July 02, 2007

More on bigTIFF – The BigTIFF File Format Proposal

BY Dr. Keith J. Kaplan

Thank you to everyone who has e-mailed me or called with their commendations and criticisms of the blog.  The blog will post 3 days a week.  This will allow me to keep a cache of current ideas and innovative topics while also allowing me to build useful links and prevent redundancy with other weblogs that address similar topics.  Although a "great" blog should be controversial on some level, my goals for the blog remain that of information dissemination as digital imaging plays a larger role in our practice.

I look forward to the continued dialogue.  There were several questions on the bigTIFF format. 

More information is available here following last weeks posting.  A brief synopsis from AWare Systems is below:

What is BigTIFF?

The TIFF file format uses 32bit offsets and, as such, is limited to 4 gigabytes. This has been quite sufficient for many years. Today however, there is a need for a good multi-purpose open image file format that can handle huge images, or very large collections of images, breaking the 4 gig boundary.

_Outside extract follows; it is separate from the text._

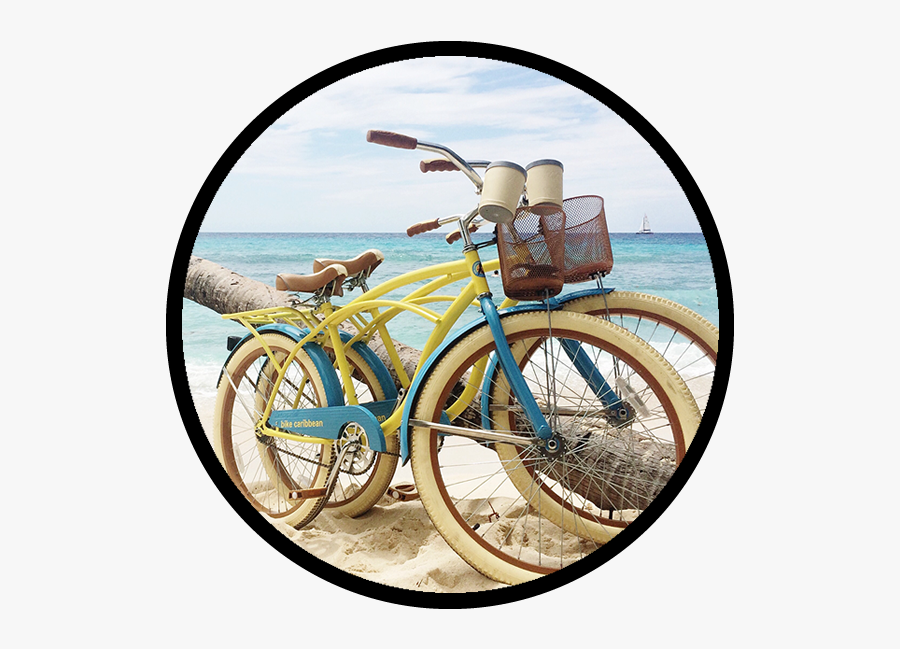 Road Bicycle, Transparent Clipart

There is currently an ongoing attempt to design a new variant of TIFF, called BigTIFF, that closely resembles TIFF, but uses 64bit offsets instead. The benefits of closely resembling TIFF are huge. For instance, existing TIFF libraries can quite easily extend their support for TIFF to also include this new variant. Documentation needs are minimal. All the much appreciated properties of a file format that has been around and has been extended for more then a decade are inherited. All properly known tags are being reused, all supported bitdepths and datatypes remain valid. The arbitrary number of ‘extra channels’, the tiling and striping schemes, the multitude of compression schemes, and the private tag scheme, that made TIFF very useful in pre-press as well as for storing scientific data, and many other applications, all remain intact. Yet, the offset bitdepth changes, and BigTIFF files are no longer restrained by the 4 gigabyte limitation from which classic TIFF suffers.